*** Begin section ***
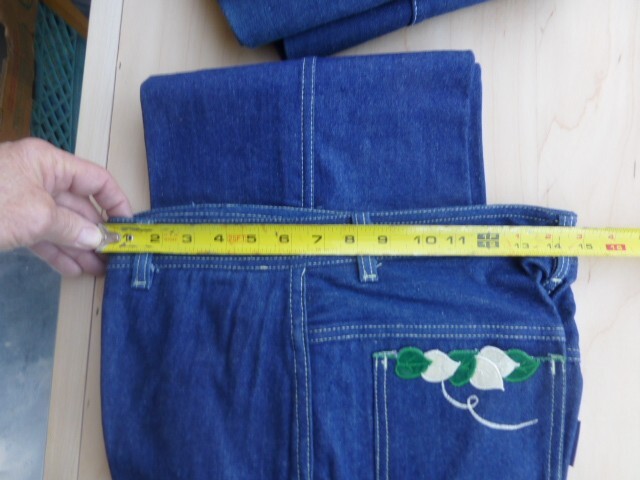 New, never washed Bon Bon size 15 woman’s blue jeans leaf pocket vintage qu b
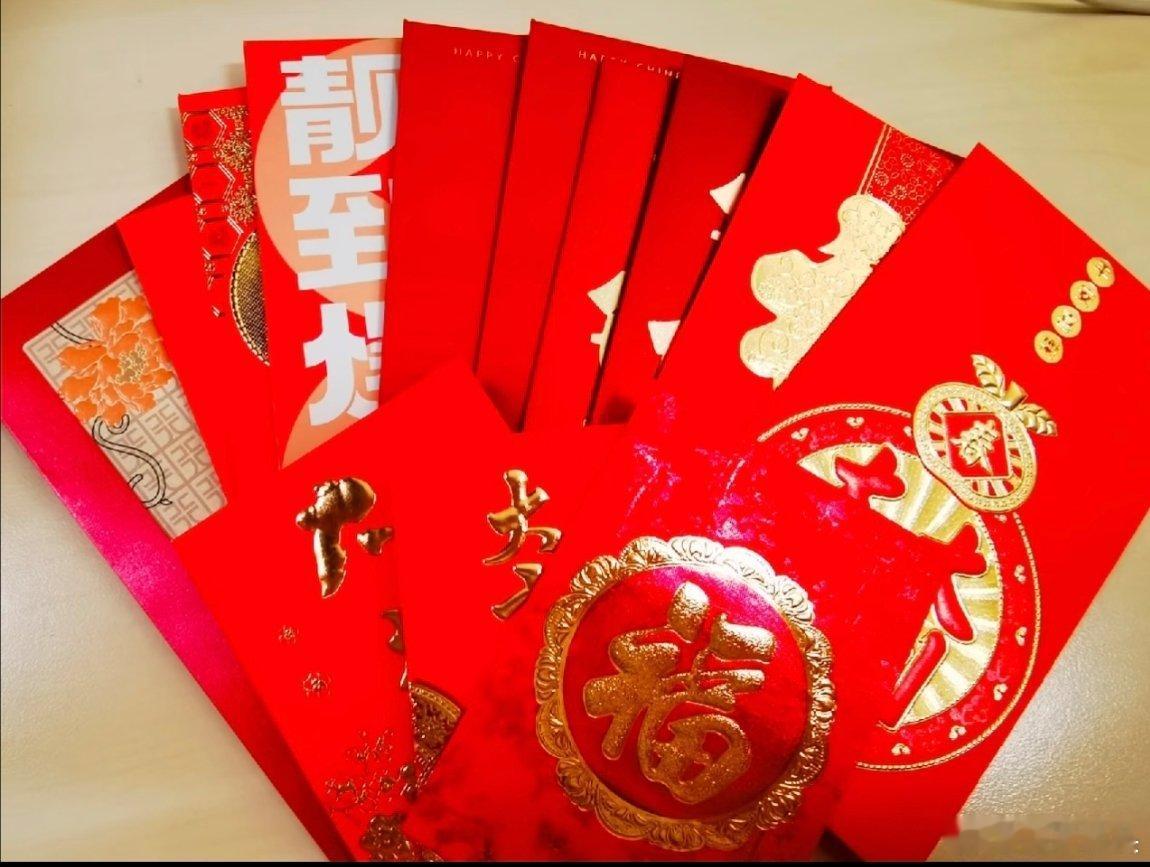 深圳一企业开工给员工发百元利是不少公司是有发开工红包的传统的。多的少的都有，也算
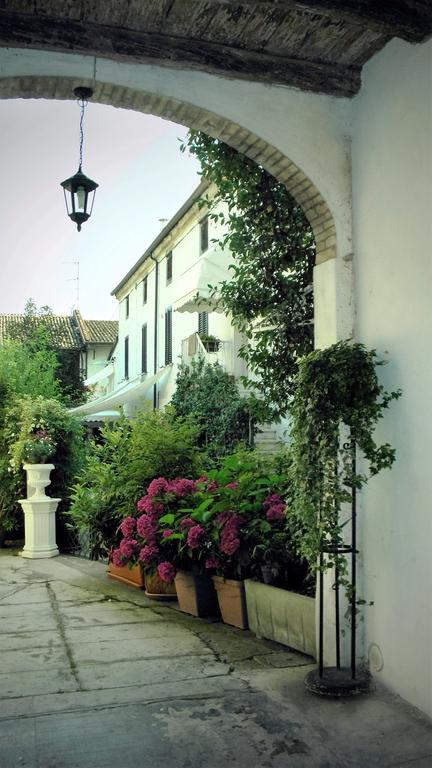 Dimora & Arte B&B Canneto sull'Oglio Экстерьер фото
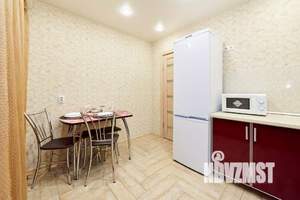 1-к квартира, посуточно, 59м2, 1/1 этаж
*** End section ***
Skip all pictures. Then give again, exactly, each line from the line holding "深圳一企业开工给员工发百元利" through the last line of the listing above, both ends included.

OUTPUT BELOW ::
 深圳一企业开工给员工发百元利是不少公司是有发开工红包的传统的。多的少的都有，也算
 Dimora & Arte B&B Canneto sull'Oglio Экстерьер фото
 1-к квартира, посуточно, 59м2, 1/1 этаж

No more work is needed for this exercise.